Representantes do setor produtivo defendem a atualização dos limites de faturamento do Simples Nacional e do Microempreendedor Individual (MEI) como medida para reduzir a informalidade e evitar a saída de empresas do regime simplificado.

A proposta está prevista no Projeto de Lei Complementar (PLP) 108/2021, que teve urgência aprovada pela Câmara dos Deputados em março. O texto aumenta o teto anual de faturamento do MEI para R$ 130 mil e permite a contratação de até dois funcionários, acima do limite atual de um empregado.
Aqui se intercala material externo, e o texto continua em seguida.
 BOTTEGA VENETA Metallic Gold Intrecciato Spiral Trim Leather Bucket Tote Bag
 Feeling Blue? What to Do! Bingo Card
Apesar da aprovação do regime de urgência, os parlamentares optaram pela criação de uma comissão especial para aprofundar a discussão antes da votação em plenário. O colegiado deve reunir representantes do governo, especialistas e entidades empresariais. Após análise da Câmara, a matéria ainda retornará ao Senado Federal, onde foi apresentada.

Atualmente, os limites de enquadramento do Simples Nacional estão congelados desde 2018. Hoje, o teto permitido é de R$ 81 mil anuais para MEI, R$ 360 mil para microempresas e R$ 4,8 milhões para empresas de pequeno porte.
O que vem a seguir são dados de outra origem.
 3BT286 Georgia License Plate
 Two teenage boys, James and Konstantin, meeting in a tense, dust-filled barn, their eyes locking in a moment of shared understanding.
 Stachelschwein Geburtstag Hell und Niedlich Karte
Entidades empresariais afirmam que os valores não acompanham mais a realidade econômica do país e defendem uma revisão ampla das faixas de faturamento. A sugestão do setor é elevar o limite do MEI para cerca de R$ 144,9 mil por ano. Para microempresas, a proposta é ampliar o teto para aproximadamente R$ 869,4 mil, enquanto empresas de pequeno porte poderiam faturar até R$ 8,69 milhões anuais.

Na avaliação das entidades, a atualização é necessária para evitar aumento da carga tributária sobre pequenos negócios que ampliaram o faturamento nos últimos anos. O entendimento é que a medida ajudaria empresas a permanecerem no Simples Nacional, além de estimular a formalização e reduzir a migração para a informalidade.

Criado para simplificar o recolhimento de tributos, o Simples Nacional reúne impostos em uma única guia e se consolidou como o principal regime tributário voltado aos pequenos negócios no Brasil.

A instalação da comissão especial foi comemorada pelo G50+, grupo ligado à Confederação das Associações Comerciais e Empresariais do Brasil (CACB), que atua na articulação de pautas empresariais junto ao Congresso Nacional e ao governo federal.